Они пили по очереди, из одной чашки, сначала – вино, потом – пиво, потом – опять вино, только уже, кажется, какое-то другое. Алена подташнивало, весною пахло невыносимо сильно – уже отовсюду, из окна (кажется, закрытого), за которым горела огромная, рассыпающая лучи в его слабых глазах золотистая звезда, из винной глиняной чашки, от Пьера-Бенуа, сидевшего рядом на полу (они оба сидели уже не за столом, а возле кровати, на плешивой коричневой шкуре) и обнимавшего его за плечо. Ален видел совсем перед глазами его порхающую, двоящуюся белую руку – и размеренно кивал, улыбаясь, как дурак, на смутный ропот, исходящий из наставниковых уст.

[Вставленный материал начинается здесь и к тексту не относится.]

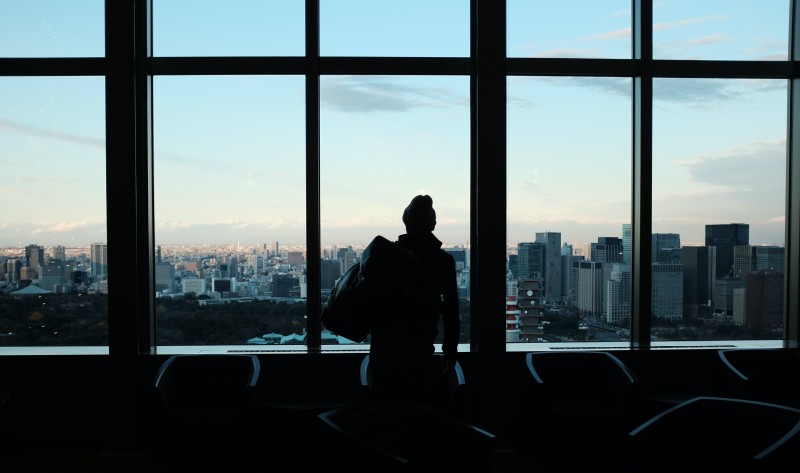 Person standing in front of a large window overlooking a city scape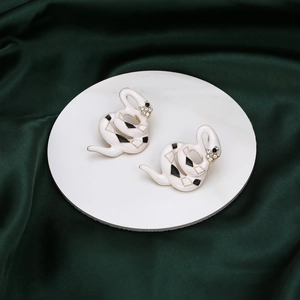 Minimalist snake earrings with white enamel and sparkling crystals on green silk fabric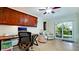 The office offers beautiful views of outdoor landscaping and a spiral staircase to the yard at 10311 Waterbird Way, Bradenton, FL 34209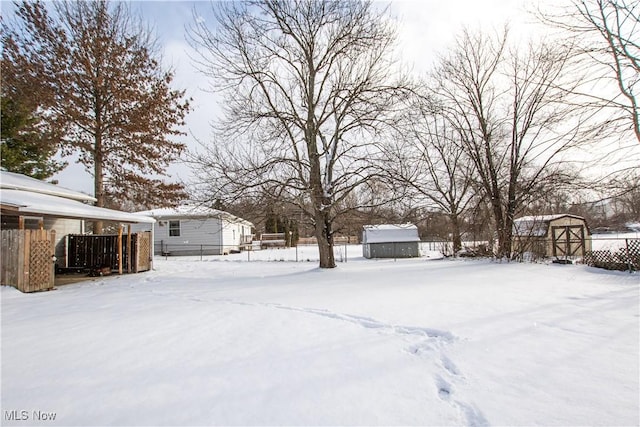 yard covered in snow with a storage unit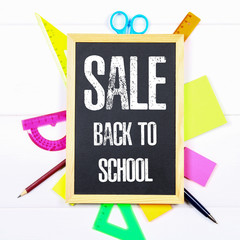 Wall Mural - Chalkboard surrounded by stationery on a white wooden table. Back to school sale.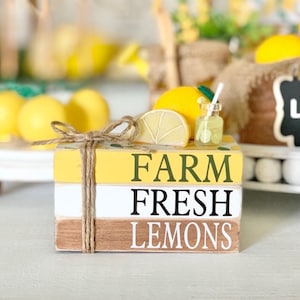 以下が含まれることがあります： 「FARM FRESH LEMONS」と描かれた3つの木製のブロックの積み重ね。ブロックは、レモンのスライス、レモン全体、ストローが付いた小さなガラス瓶で飾られています。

Иногда из ропота вываливались знакомые слова. Но это было неважно, важно было другое – что вот он сидит рядом, такой добрый, прекрасный, всепонимающий человек, и голос у него такой ласковый, прямо как у отца – и слезы подступили куда-то совсем близко к глазам, и Ален, качнув головой еще раз (кажется, она качнулась сама), с удивлением услышал свой собственный голос, доносившийся словно бы издалека. И, прислушиваясь, он понял, что говорит про Этьенета.

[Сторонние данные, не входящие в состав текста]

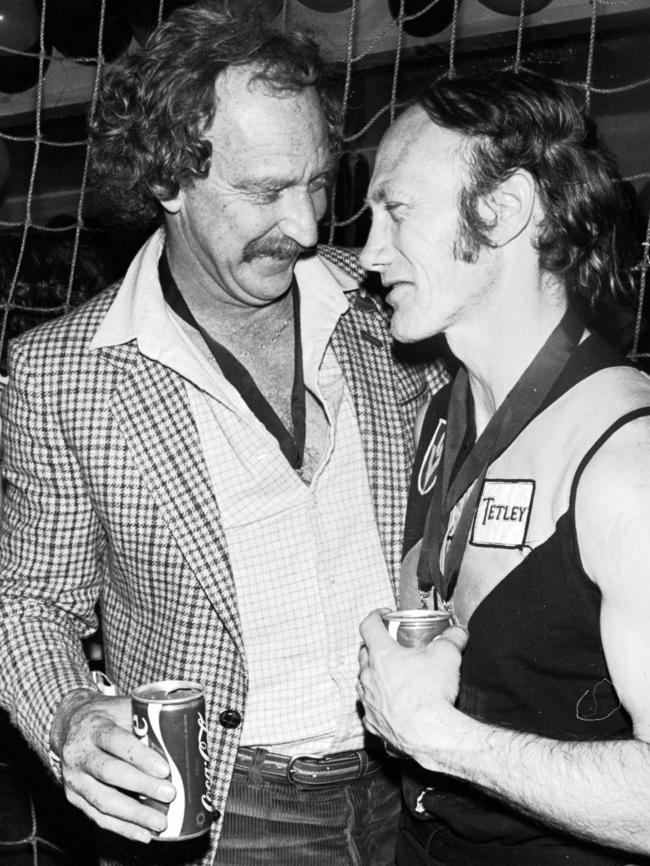 Tigers coach Tony Jewell celebrates with a Coke with Kevin Bartlett.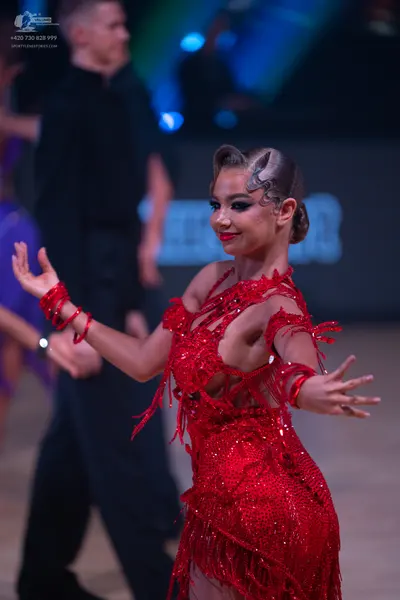 Dancesport competitor: Female dancer: red latin dress with sequins and fringe, with matching red wristb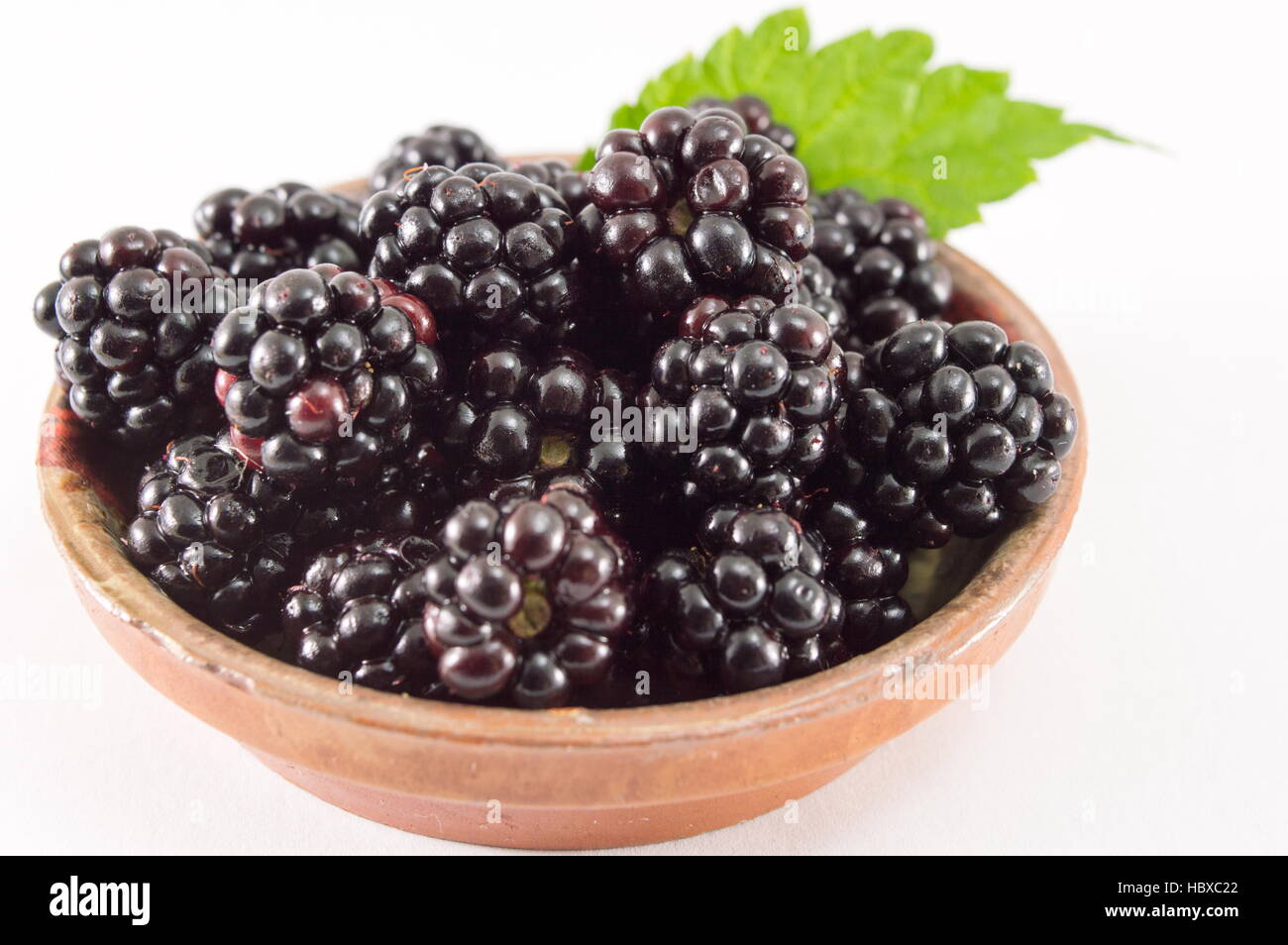 bunch of fresh juicy blackberries on a plate isolated Stock Photo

Он отследил два слова, сказанных с болью и жаром пьяного – «братик» и «матушка». Непонятно, доходило ли сказанное – кажется, оно было порядком бессвязным – до разума собеседника, но карие глаза его, теплые, невыносимо теплые, понимающие все на свете, смотрели в Аленовы – серые, затуманившиеся, мальчишка первый раз в жизни напился, вот это да, посмотрите-ка на него, пьяный дурак, ну и что, ну и пускай, пускай… Пьер-Бенуа сочувственно кивнул и провел ладонью – гладкой, ласковой – по щеке Алена, стирая катившуюся длинную слезу. Ален сморгнул и сбился – что-то в этом жесте было смутно не то, что-то, заставившее слегка отдернуться сквозь поволоку хмеля.
– Ну, мальчик мой… Мой лучший ученик… Что же ты, продолжай.

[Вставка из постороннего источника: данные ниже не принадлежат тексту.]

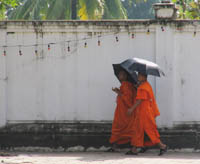 Buddhist monks pass near the Presidential Palace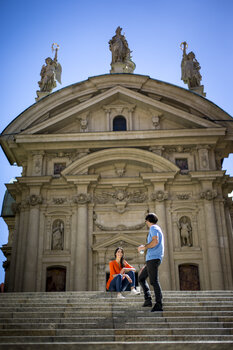 Paar sitzt auf Treppen vor dem beeindruckenden Mausoleum in Graz. | © Graz Tourismus - Tom Lamm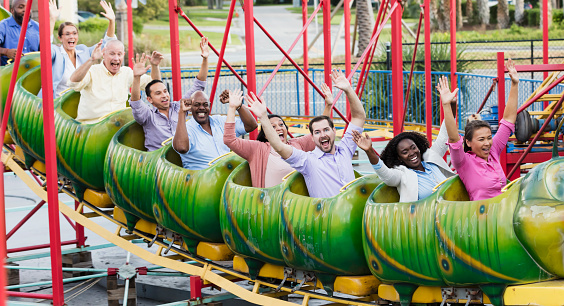 A multi-ethnic group of nine adults at an amusement park participating in corporate team building activities.  The coworkers range in age from 20s to 60s. They are sitting on a small rollercoaster, laughing and shouting with their arms raised over their heads.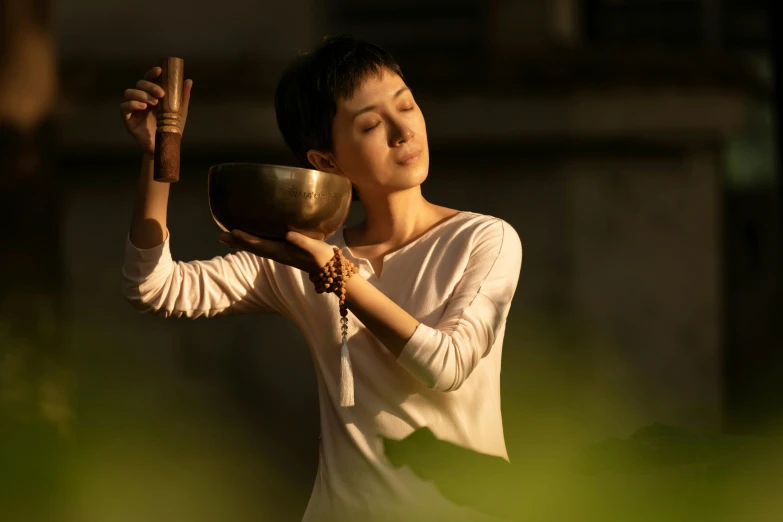 a woman holding a gold bowl and praying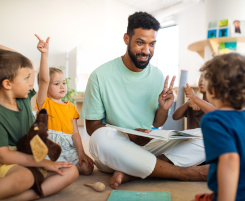 Foto: ein junger Erzieher in Ausbildung sitzt mit den Kindern in einem Kreis und liest aus einem Buch vor.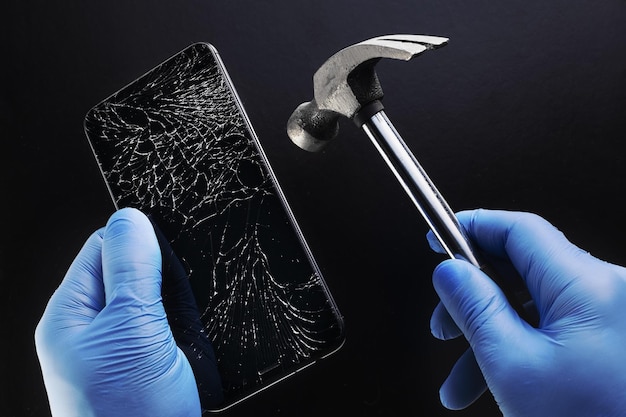 Rough repair the phone a smartphone with a cracked display and\
a hammer in the hands of a master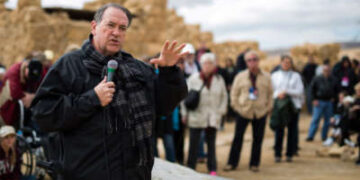 El ex gobernador de Arkansas, Mike Huckabee, es visto cuando pronuncia un discurso a un grupo de turistas y peregrinos cristianos evangélicos estadounidenses durante una visita a la antigua fortaleza de Masada en el desierto judeo en Israel, el 19 de febrero de 2015.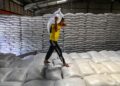 PEKERJA membawa seguni beras di gudang Biro Logistik Indonesia (BULOG) di Lambaro, wilayah Aceh.- AFP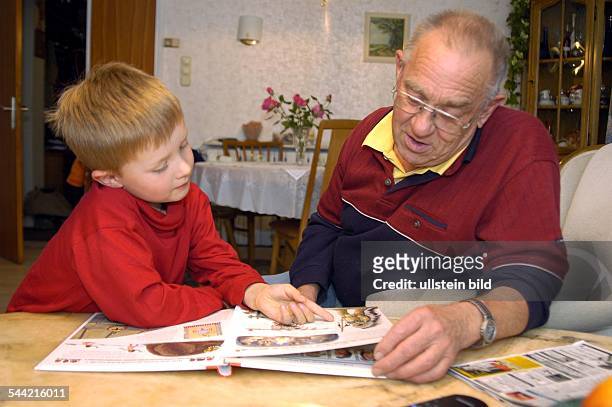 Großvater und Enkel schauen sich ein Bilderbuch an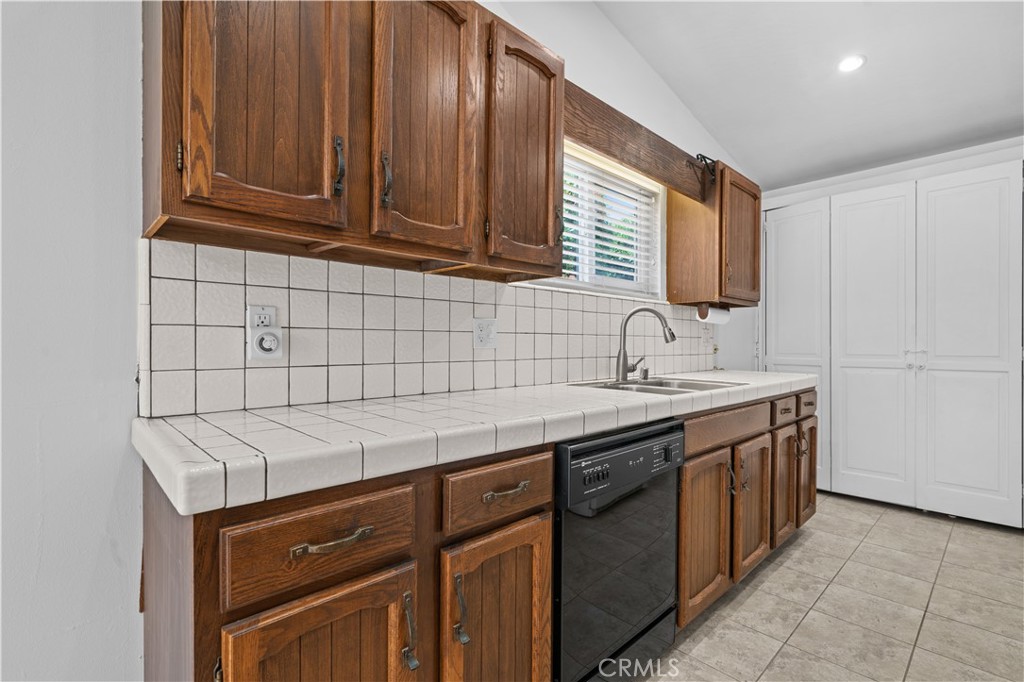 2115 Sterling Avenue Costa Mesa, CA 92627 - Photo 28 of 53 a kitchen with stainless steel appliances granite countertop a sink stove and cabinets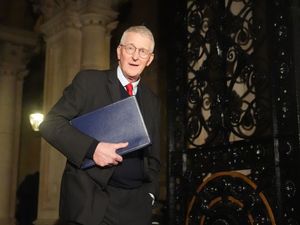 Hilary Benn carrying a blue folder under his right arm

Ален глупо помолчал, пытаясь вспомнить, о чем же это он так убедительно говорил. Кажется, на что-то жаловался. Но на что?.. И… Зачем все это?.. Господи, я, кажется, напился. Наверное, все это зря.
– Я… кажется, напился, – неуверенно сказал он, чуть сдвигая тоненькие брови, силясь понять, что здесь происходит и почему, и что в происходящем не так. Он на миг слегка увидел себя со стороны, причем увидел откуда-то не отсюда, а словно бы издалека, из Шампани или из Святой Земли – мальчик спал у потухшего костра, завернувшись в рваные тряпки, и снился ему юноша, сидящий в чужой земле, в чужом городе, в чужой комнате, на полу у низкой кровати, и кто-то чужой обнимал его одной рукою за плечи, а другой… вот… снова поглаживал по лицу.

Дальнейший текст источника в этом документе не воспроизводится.